Ponsel iPhone Apple yang dipajang di Apple Store di Grand Central Terminal di New York City, AS, pada 16 Oktober 2024. (REUTERS/Kent J. Edwards / File Photo)

08 Apr 2025 10:08AM (Diperbarui: 08 Apr 2025 03:04PM)

Apple tengah menghadapi tekanan besar setelah Presiden Amerika Serikat Donald Trump memberlakukan tarif impor tinggi terhadap lebih dari 180 negara, termasuk negara-negara kunci dalam rantai produksi Apple seperti China, India, Vietnam, dan Malaysia. 

Langkah ini berpotensi menaikkan harga jual produk Apple secara signifikan, khususnya iPhone, di berbagai pasar dunia, termasuk Indonesia.

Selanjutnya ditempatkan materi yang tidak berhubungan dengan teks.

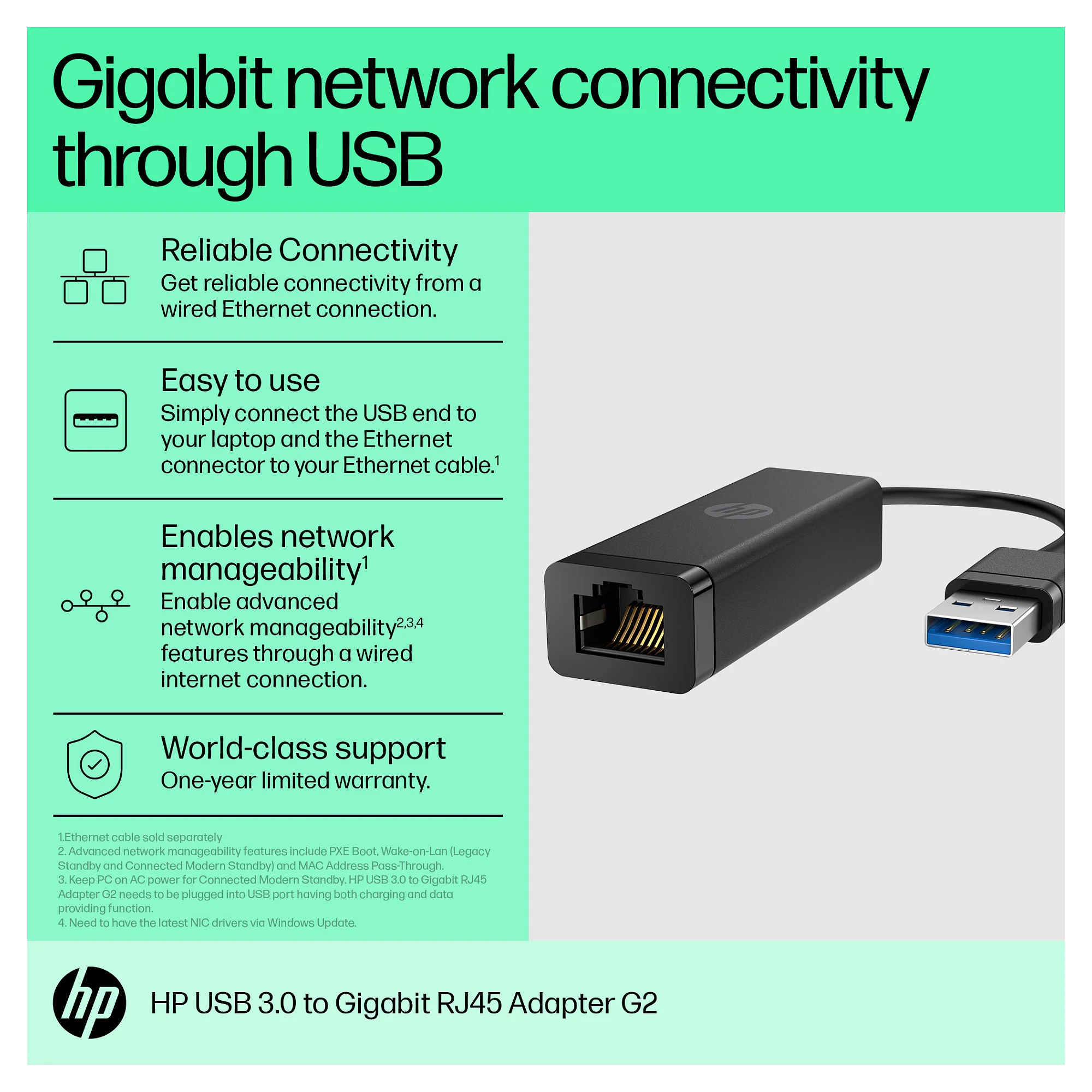 HP USB 3 0 zu Gigabit LAN Adapter Notebook & Tablet Zubehoer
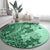 Polynesia Round Carpet Hibiscus and Hawaiian Tribal Tattoo Retro Style Green Color LT9 - Polynesian Pride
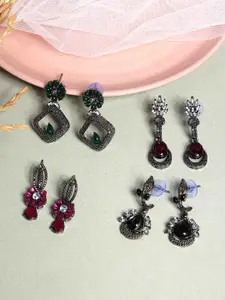 PANASH Pack Of 8 Silver Plated Cubic Zirconia Studded Drop Earrings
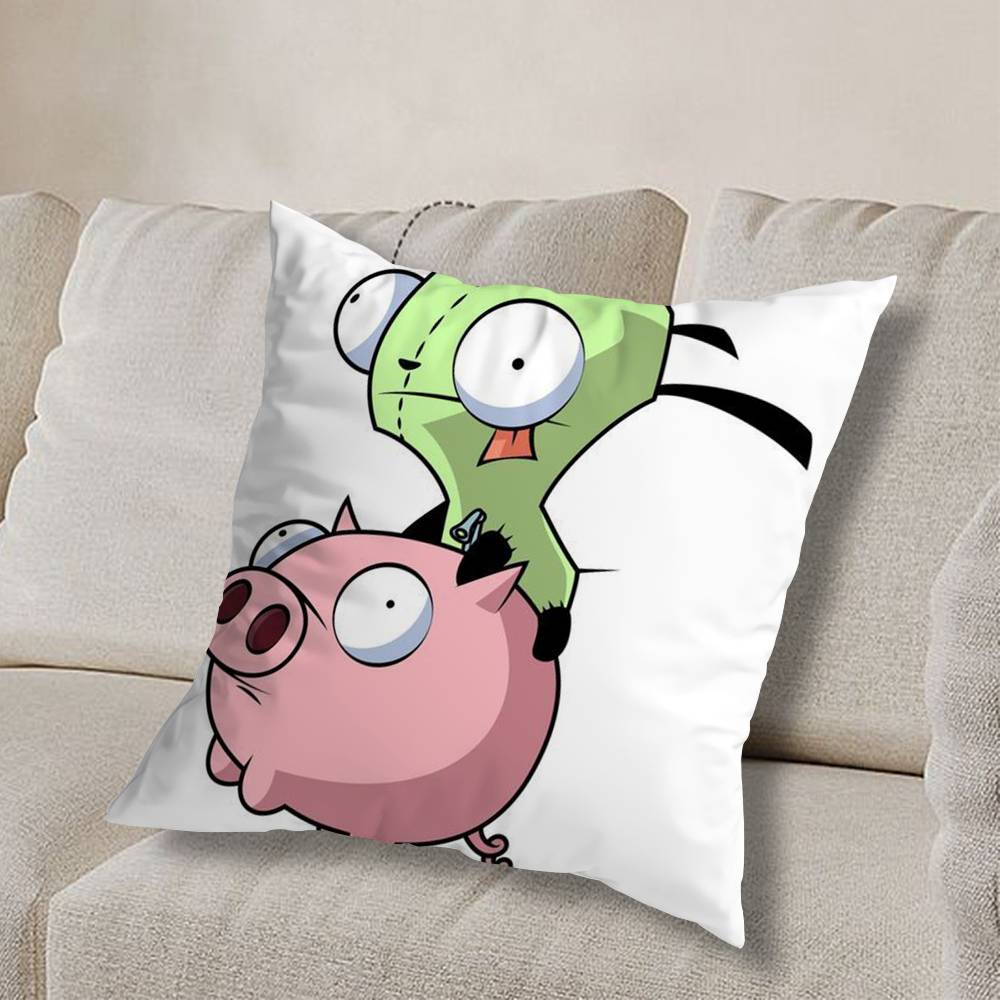 cool Invader Zim Gir I love Pillow Case Square Double-Sided Printing Short Plush Sofa Cushion Cover Bedroom Bedside Pillow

Kebijakan tarif Trump ini, yang merupakan perintah eksekutif dari Presiden AS, menetapkan pungutan pajak dengan persentase tertentu terhadap nilai barang-barang impor dari luar negeri ke Amerika. 

China, sebagai contoh, kini dikenakan tarif total hingga 54 persen setelah adanya tambahan 34 persen sejak Januari lalu.

Negara lain juga terdampak, seperti Korea Selatan (25%), Jepang (24%), Indonesia (32%), Vietnam (46%), India (26%), Malaysia (25%), dan Thailand (36%).

Bagi Apple, yang sebagian besar produksinya masih terkonsentrasi di Asia, kebijakan ini menjadi pukulan telak. Sekitar 80 persen kapasitas produksi Apple masih berasal dari China, termasuk 90 persen lini iPhone dan lebih dari setengah produk Mac. 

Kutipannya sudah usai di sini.